• Exercise
Working from the entries below, give again each line from the first through the one containing "Las reuniones sirven", exactly and with nothing else.

• Records supplied
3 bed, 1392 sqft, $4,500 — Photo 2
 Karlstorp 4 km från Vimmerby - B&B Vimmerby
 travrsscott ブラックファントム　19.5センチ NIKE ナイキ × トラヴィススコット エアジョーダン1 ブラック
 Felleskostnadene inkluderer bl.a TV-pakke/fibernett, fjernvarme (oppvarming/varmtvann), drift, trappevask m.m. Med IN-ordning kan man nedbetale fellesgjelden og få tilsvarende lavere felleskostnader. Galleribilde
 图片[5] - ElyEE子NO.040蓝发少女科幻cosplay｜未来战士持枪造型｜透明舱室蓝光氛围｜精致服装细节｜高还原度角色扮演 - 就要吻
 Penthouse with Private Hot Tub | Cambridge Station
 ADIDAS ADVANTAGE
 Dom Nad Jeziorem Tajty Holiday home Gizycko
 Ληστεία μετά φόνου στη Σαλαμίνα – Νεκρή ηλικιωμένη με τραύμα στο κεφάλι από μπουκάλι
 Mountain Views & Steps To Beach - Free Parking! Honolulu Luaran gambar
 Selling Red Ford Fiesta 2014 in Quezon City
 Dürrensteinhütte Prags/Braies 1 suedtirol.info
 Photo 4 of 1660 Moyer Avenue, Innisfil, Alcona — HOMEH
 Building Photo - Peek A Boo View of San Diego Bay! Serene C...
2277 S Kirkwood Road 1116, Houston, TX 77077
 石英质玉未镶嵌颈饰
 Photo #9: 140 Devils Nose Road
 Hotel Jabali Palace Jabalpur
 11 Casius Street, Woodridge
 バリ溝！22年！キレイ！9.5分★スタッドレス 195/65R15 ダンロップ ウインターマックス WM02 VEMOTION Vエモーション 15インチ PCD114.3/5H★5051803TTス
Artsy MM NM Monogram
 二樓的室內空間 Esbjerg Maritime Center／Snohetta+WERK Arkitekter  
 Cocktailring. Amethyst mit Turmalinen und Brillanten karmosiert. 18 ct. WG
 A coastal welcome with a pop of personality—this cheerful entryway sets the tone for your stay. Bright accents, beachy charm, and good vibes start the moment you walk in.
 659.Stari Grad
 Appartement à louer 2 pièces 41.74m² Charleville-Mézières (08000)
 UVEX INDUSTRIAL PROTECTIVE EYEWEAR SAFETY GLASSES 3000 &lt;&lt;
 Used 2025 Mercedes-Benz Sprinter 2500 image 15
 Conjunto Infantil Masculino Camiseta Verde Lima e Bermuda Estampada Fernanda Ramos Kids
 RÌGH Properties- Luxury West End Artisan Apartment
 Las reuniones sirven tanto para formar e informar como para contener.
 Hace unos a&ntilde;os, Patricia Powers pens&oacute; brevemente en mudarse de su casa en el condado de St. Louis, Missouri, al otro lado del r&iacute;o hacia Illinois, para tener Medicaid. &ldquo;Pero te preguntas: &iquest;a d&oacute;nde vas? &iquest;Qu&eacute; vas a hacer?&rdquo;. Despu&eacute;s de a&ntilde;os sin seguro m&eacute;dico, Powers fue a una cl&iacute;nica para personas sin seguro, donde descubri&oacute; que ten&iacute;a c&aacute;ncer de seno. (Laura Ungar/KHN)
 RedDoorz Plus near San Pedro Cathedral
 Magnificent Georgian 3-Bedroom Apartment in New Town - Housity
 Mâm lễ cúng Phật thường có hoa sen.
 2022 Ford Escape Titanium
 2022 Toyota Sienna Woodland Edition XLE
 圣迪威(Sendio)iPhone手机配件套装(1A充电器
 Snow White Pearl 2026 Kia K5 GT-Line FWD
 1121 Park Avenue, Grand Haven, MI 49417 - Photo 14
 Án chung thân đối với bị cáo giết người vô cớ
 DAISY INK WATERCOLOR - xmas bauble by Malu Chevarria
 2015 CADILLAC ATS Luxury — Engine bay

• Result of this exercise
3 bed, 1392 sqft, $4,500 — Photo 2
 Karlstorp 4 km från Vimmerby - B&B Vimmerby
 travrsscott ブラックファントム　19.5センチ NIKE ナイキ × トラヴィススコット エアジョーダン1 ブラック
 Felleskostnadene inkluderer bl.a TV-pakke/fibernett, fjernvarme (oppvarming/varmtvann), drift, trappevask m.m. Med IN-ordning kan man nedbetale fellesgjelden og få tilsvarende lavere felleskostnader. Galleribilde
 图片[5] - ElyEE子NO.040蓝发少女科幻cosplay｜未来战士持枪造型｜透明舱室蓝光氛围｜精致服装细节｜高还原度角色扮演 - 就要吻
 Penthouse with Private Hot Tub | Cambridge Station
 ADIDAS ADVANTAGE
 Dom Nad Jeziorem Tajty Holiday home Gizycko
 Ληστεία μετά φόνου στη Σαλαμίνα – Νεκρή ηλικιωμένη με τραύμα στο κεφάλι από μπουκάλι
 Mountain Views & Steps To Beach - Free Parking! Honolulu Luaran gambar
 Selling Red Ford Fiesta 2014 in Quezon City
 Dürrensteinhütte Prags/Braies 1 suedtirol.info
 Photo 4 of 1660 Moyer Avenue, Innisfil, Alcona — HOMEH
 Building Photo - Peek A Boo View of San Diego Bay! Serene C...
2277 S Kirkwood Road 1116, Houston, TX 77077
 石英质玉未镶嵌颈饰
 Photo #9: 140 Devils Nose Road
 Hotel Jabali Palace Jabalpur
 11 Casius Street, Woodridge
 バリ溝！22年！キレイ！9.5分★スタッドレス 195/65R15 ダンロップ ウインターマックス WM02 VEMOTION Vエモーション 15インチ PCD114.3/5H★5051803TTス
Artsy MM NM Monogram
 二樓的室內空間 Esbjerg Maritime Center／Snohetta+WERK Arkitekter  
 Cocktailring. Amethyst mit Turmalinen und Brillanten karmosiert. 18 ct. WG
 A coastal welcome with a pop of personality—this cheerful entryway sets the tone for your stay. Bright accents, beachy charm, and good vibes start the moment you walk in.
 659.Stari Grad
 Appartement à louer 2 pièces 41.74m² Charleville-Mézières (08000)
 UVEX INDUSTRIAL PROTECTIVE EYEWEAR SAFETY GLASSES 3000 &lt;&lt;
 Used 2025 Mercedes-Benz Sprinter 2500 image 15
 Conjunto Infantil Masculino Camiseta Verde Lima e Bermuda Estampada Fernanda Ramos Kids
 RÌGH Properties- Luxury West End Artisan Apartment
 Las reuniones sirven tanto para formar e informar como para contener.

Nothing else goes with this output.